C’est un coup de tonnerre feutré qui vient de résonner dans la City et les couloirs de Whitehall. Le 6 janvier 2026, Accenture a officialisé l’acquisition de Faculty, la pépite britannique de l’intelligence artificielle. Pour le grand public, ce n’est qu’une transaction de plus dans la frénésie actuelle des fusions-acquisitions. Mais pour les observateurs avisés de la tech européenne, c’est un symbole qui s’effondre : celui de la « souveraineté IA » tant vantée par le gouvernement britannique.

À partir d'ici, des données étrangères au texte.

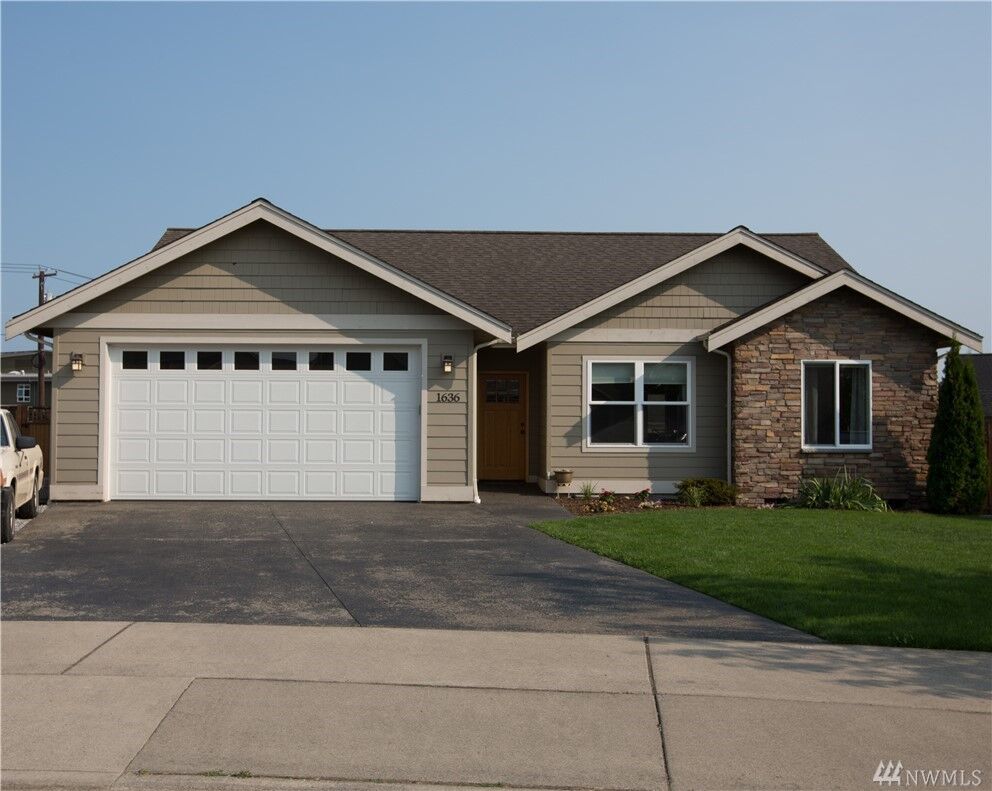 Property Photo:  1636 Lexi Lp  WA 98264 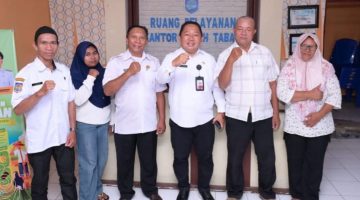 Sekda Kota Ternate Melakukan Kunjungan ke Kantor Lurah Tabam. (Istimewa)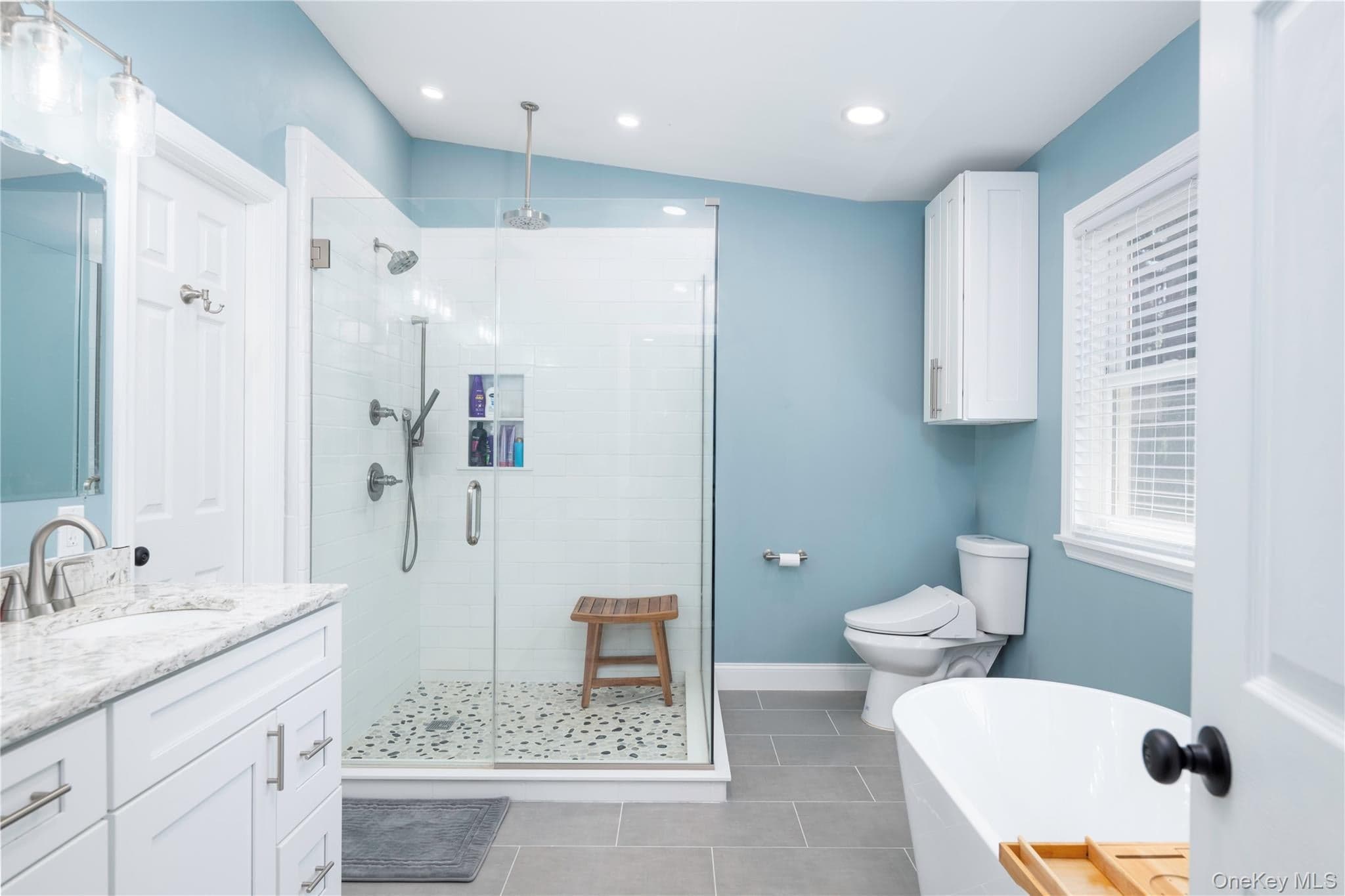 71 W Lake Boulevard thumbnail 16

Faculty n’était pas une startup comme les autres. C’était le « champion national » désigné, l’alternative souveraine au géant américain Palantir, et le cerveau numérique derrière des opérations d’État critiques, de la campagne Vote Leave à la gestion de la crise COVID. En passant sous pavillon américano-irlandais, Faculty valide une thèse inquiétante : l’Europe sait faire naître des champions, mais elle ne sait pas les garder.
La fin du rêve d’un « Palantir britannique »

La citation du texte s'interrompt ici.